Repot when the plant has outgrown its current container. The best time of year to repot is in the spring when new growth is emerging. Select a pot size 1 or 2 inches in diameter larger than the existing pot. It is important not to choose a pot that is too large because your plant could easily be overwatered. Plants thrive when grown in containers with drainage holes. If you select a container without a drainage hole, be sure to add a layer of gravel at the bottom before putting the plant in it. This will help keep the roots from rotting.
It is important to fertilize plants because the soils they grow in do not contain the essential nutrients they need to thrive. There are two major types of fertilizer available for houseplants.
Most houseplants benefit from being fertilized once a month with liquid fertilizer during the period of active growth, generally March through October. During the summer months you can increase the frequency of fertilization to every two weeks. Knowing your plant is important to understanding its fertilization needs. Just as water, soil, and light requirements differ for various types of plants, so do fertilizers. Garden centers sell specific formulations to meet different plant needs. If you do fertilize regularly it is important to flush pots with fresh water once a year to remove fertilizer salts. Use enough water so that it runs out of the bottom of the pot.
Slow–release fertilizers are granular fertilizers that can be applied to the surface of the soil or mixed into the potting soil when planting. They slowly release their nutrients over a longer period of time which helps avoid overfertilizing a plant. For the busy plant grower, slow–release formulations are particularly helpful since they can be applied less frequently.
PESTS AND DISEASES
Indoor plants have pest and disease problems just like outdoor plants.
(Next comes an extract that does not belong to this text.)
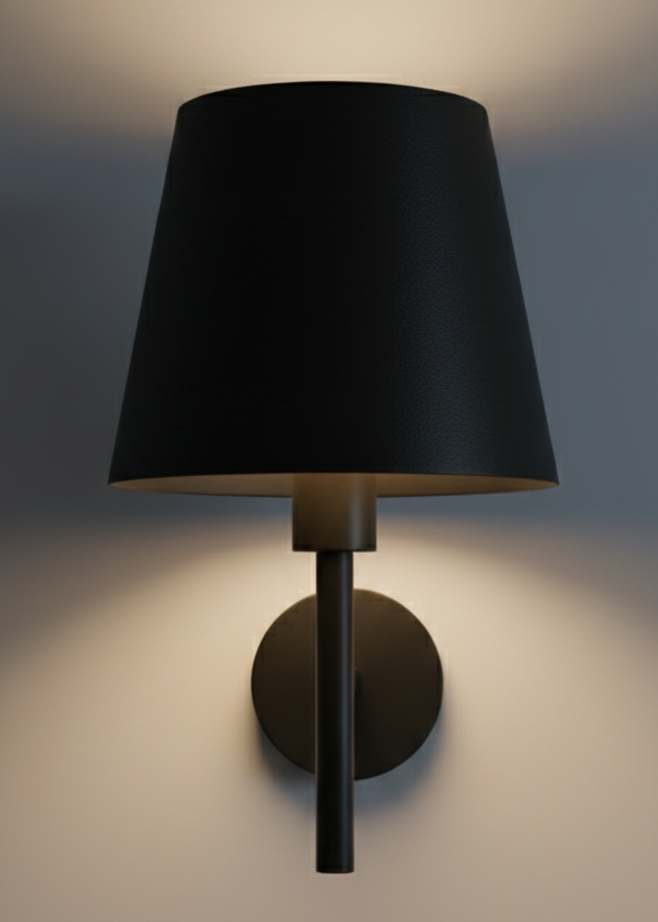 Black wall lamp with a shade on a neutral background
Cleanliness is the key to minimizing these problems. Be sure to remove affected leaves and stems at the first sight of a disease or pest problem. When bringing a new plant into your home, be sure to inspect it carefully for insects or diseases that could harm it or spread to other plants in your home.
The pests most often found on indoor plants are aphids, mealybugs, whiteflies, spider mites, and scale. Thrips are generally problematic on flowering plants. Insecticidal soaps or horticultural oils are usually effective means of treatment for these pests. You will need to re-apply the product weekly until the pest problem disappears.
Prevention is the most effective way to keep plants healthy from diseases. Once diseases are present, they are nearly impossible to eliminate. Following the proper growing requirements described above (appropriate light, water, humidity, soil, and fertilizer) will help keep your plant healthy and better equipped to fight off potential infections.